Model Extraction Algorithm
| Symbol | Meaning |
|---|---|
| \(F\) | Original model under attack |
| \(X \in \mathbb{R}^n\) | Input data |
| \(Y \in \mathbb{R}^m\) | Output data |
| \(\hat{F}\) | Predicted class of the original model |
| \(F'\) | Substitute model reproduced by the attacker |
| \(U \ in \ row \ 6\) | Unlabeled seed samples |
| \(U \ in \ row \ 13\) | Unlabeled synthetic samples |
| \(L\) | Pairs of samples and labels returned by the prediction API |
| \(H\) | Hyperparameters for substitute model training |
| \(\rho\) | Number of retraining iterations |
Seed Samples
Seed samples are unlabeled data that the attacker uses for initial substitute model training in the early stages of a model extraction attack.
At the initial stage, the attacker possesses only seed samples and wants to use them as training data for the substitute model. However, since seed samples are unlabeled, they are not suitable for direct use as training data. To resolve this, the attacker inputs seed samples into the original model to obtain labels, and uses these labeled seed samples as training data for the substitute model.

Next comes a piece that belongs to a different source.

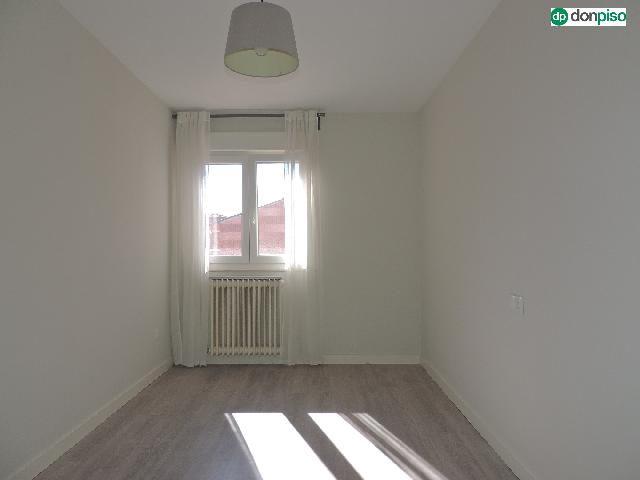 Imagen 10 Inmueble 300512 - Piso en alquiler en Salamanca / Paseo de los madroños. Paseo de la Estación. 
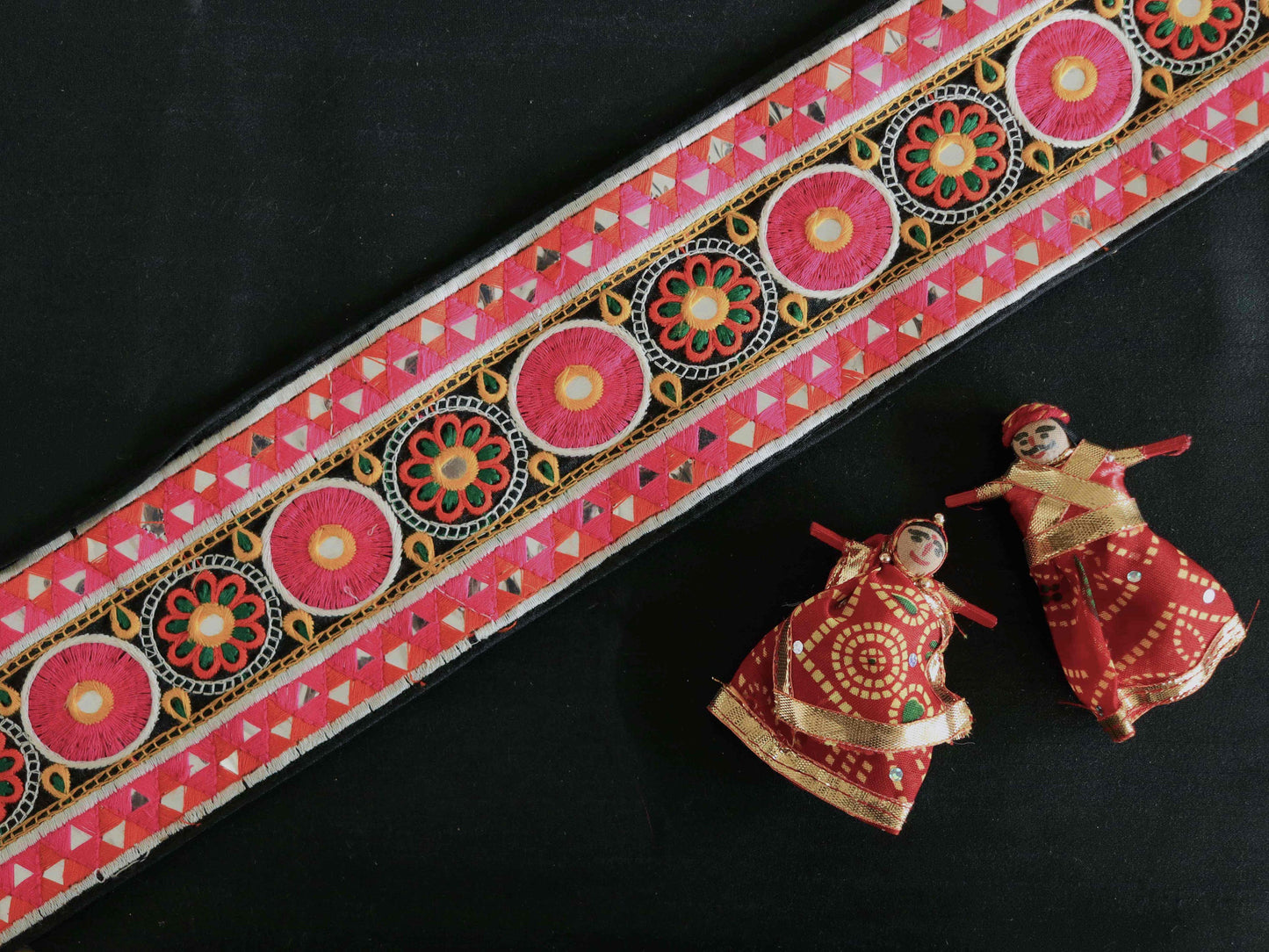 Black Pink Mirror Kutchi Trim,Indian Embroidered Border,Black Faux Mirror Lace,Tribal Boho Hippie Saree Border,Price/mtr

Seed samples are classified into two types:
-
Natural Samples: Samples collected from real data distributions.
-
Random Samples: Samples randomly generated following a uniform distribution within the input space.
When training the substitute model with seed samples alone, it is difficult to precisely learn the original model’s decision boundary. To compensate for this, the attacker generates synthetic samples to use as additional training data.
Synthetic Samples
Synthetic samples are unlabeled samples intentionally created by the attacker to more effectively learn the original model’s decision boundary. The attacker inputs synthetic samples into the original model to obtain labels, then trains the substitute model with them multiple times. As these duplication rounds are repeated, the substitute model more accurately reflects the original model’s decision boundary.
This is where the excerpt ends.